Forensische Gutachten zur Echtheit von Handschriften
Echtheitsprüfung, Tinten- und
Schreibmittelprüfung,
Prüfung auf Hinzufügungen nach Unterschriftsleistung und missbräuchliche
Verwendung von Dokumenten,
Unterschriftenvergleich, ... usw.
Zur Bewertung von Altersschriften, Einschätzung
der Zurechnungsfähigkeit des/r Schreibers/in, Einschätzung der Beeinträchtigung
durch Senilität, Alkohol/Drogen, Medikamente, Krankheit - aber auch z.B.
durch Zwang und dgl. siehe Schriftpsychologische Gutachten
Materialien für
forensische Gutachten zur Echtheit von Handschriften:
Die forensische Handschriftenuntersuchung ist eine systematisierte und auf empirischen
Erkenntnissen über kulturrelative, bildungsabhängige sowie physiologische
und psychologische Bedingungen der Schreibausübung aufbauendes Verfahren.
Die Voraussetzungen für treffsichere Ergebnisse sind ein möglichst
umfassendes Wissen über diese Bedingungen und beinhalten auch ausreichende
fallspezifische Begleitinformationen.
Die Materialbeschaffung ist für jeden Fall gesondert telefonisch zu besprechen!
Um eine fragliche Schrift (X) zu
beurteilen muss ein geeignetes Vergleichsmaterial (V) vorhanden sein, dessen
Urheberschaft außer Zweifel steht und zu dem auch fallweise die Entstehungsbedingungen
abgeklärt sein müssen. Oft ist deshalb über eine gezielte Schriftprobenabnahme
zusätzlich aufklärendes Material einzuheben.
Originale sind sowohl in bezug auf das zu beurteilende Material als auch in
bezug auf das zum Vergleich heranzuziehende Material wesentlich aussagekräftiger.

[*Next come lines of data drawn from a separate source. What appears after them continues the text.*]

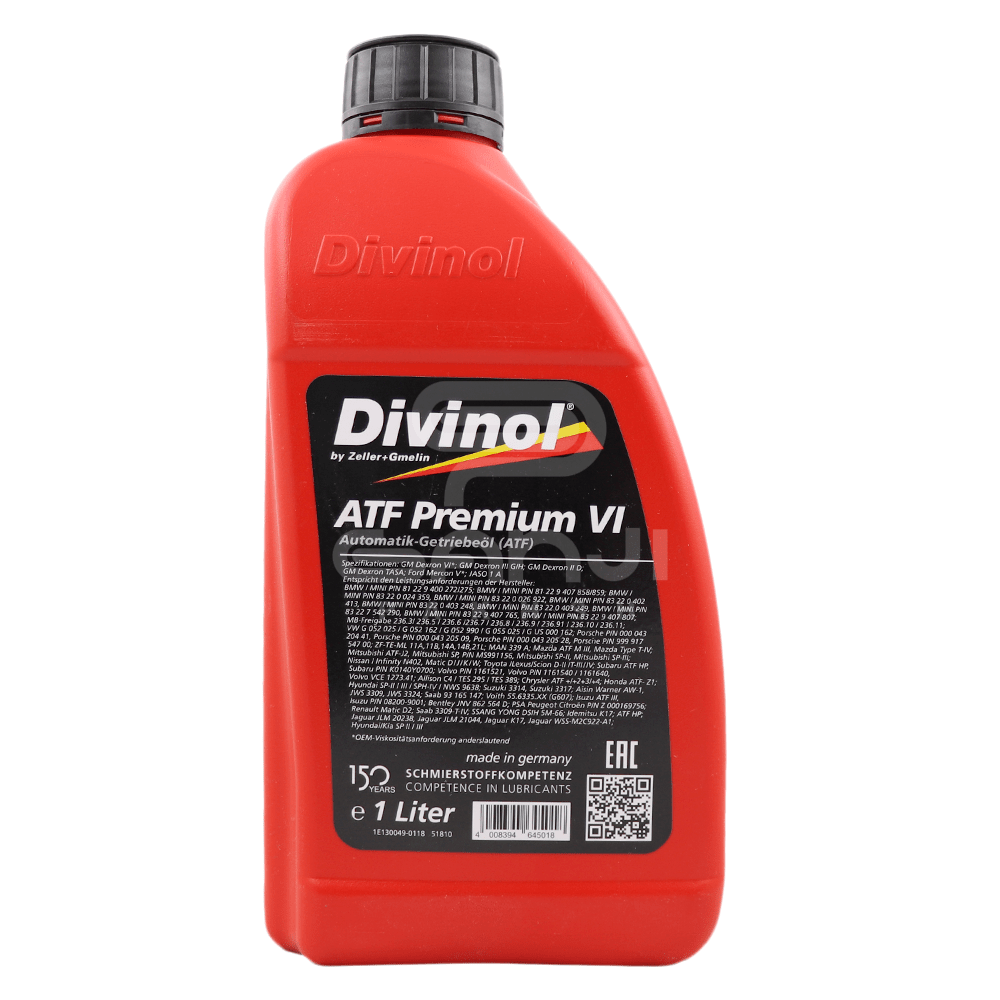 Atf premium. Divinol 52010c090. Трансмиссионное масло Divinol АТF Premium vi 1l. 28360 Divinol. Divinol 512.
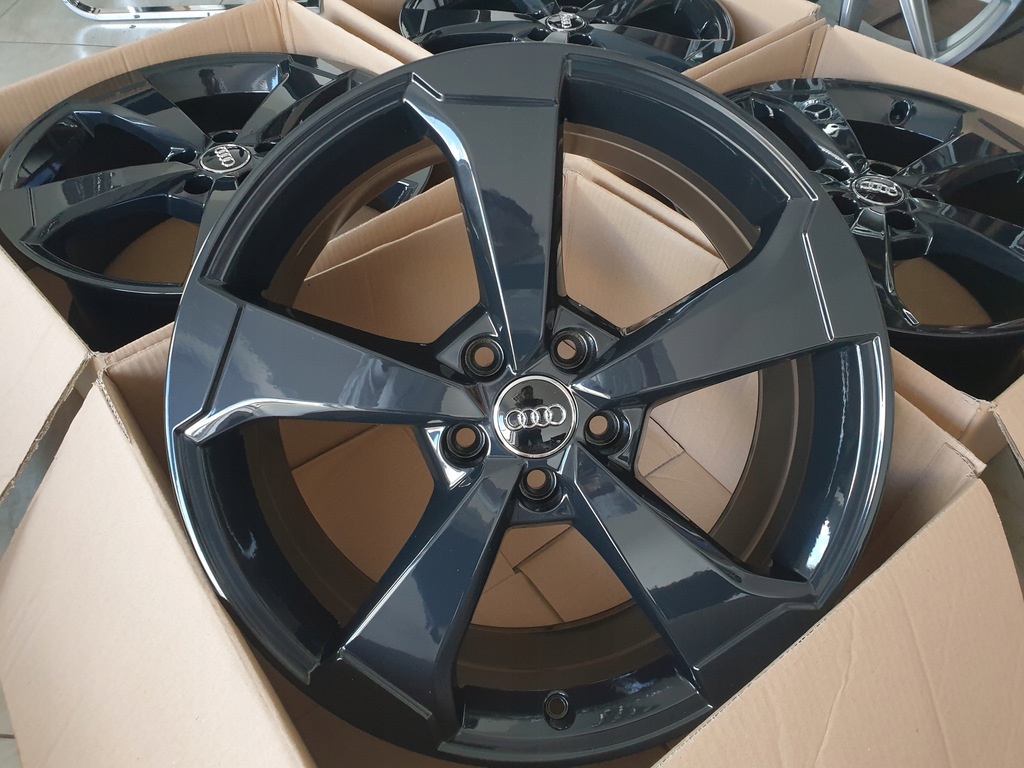 negros llantas audi 5x112 8v0601025ce 19 a3 rs3 8v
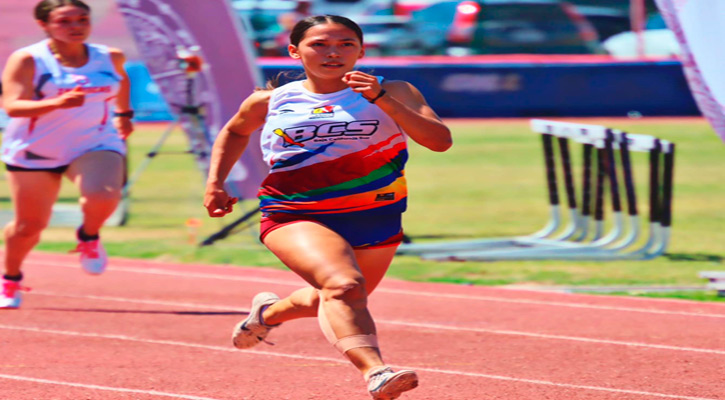 Lista la delegación de atletismos de BCS para la segunda etapa de los Nacionales Conade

Jede kleinste Strich-Unebenheit oder Unregelmäßigkeit im Farbauftrag
kann dem Auge der Spezialistin Hinweise liefern. Moderne Techniken, wie Stereomikroskopie,
Elektronenstrahlmikroskopie, Z-Hub Mikroskopie zur dreidimensionalen Darstellung
sowie Farbuntersuchungen, z.B. mittels Lumineszenz- und Absorptionsanalysen,
ermöglichen es, aus Originalen eine Fülle von Informationen herauszuholen.
Der Zeitaufwand ist je nach Schwierigkeitsgrad unterschiedlich. Für gerichtsanhängige
Verfahren ist nach Einlangen aller erforderlichen Beweismaterialien meist mit
mindestens zwei Wochen zu rechnen, manchmal ist auch eine erheblich längere
Bearbeitungszeit erforderlich.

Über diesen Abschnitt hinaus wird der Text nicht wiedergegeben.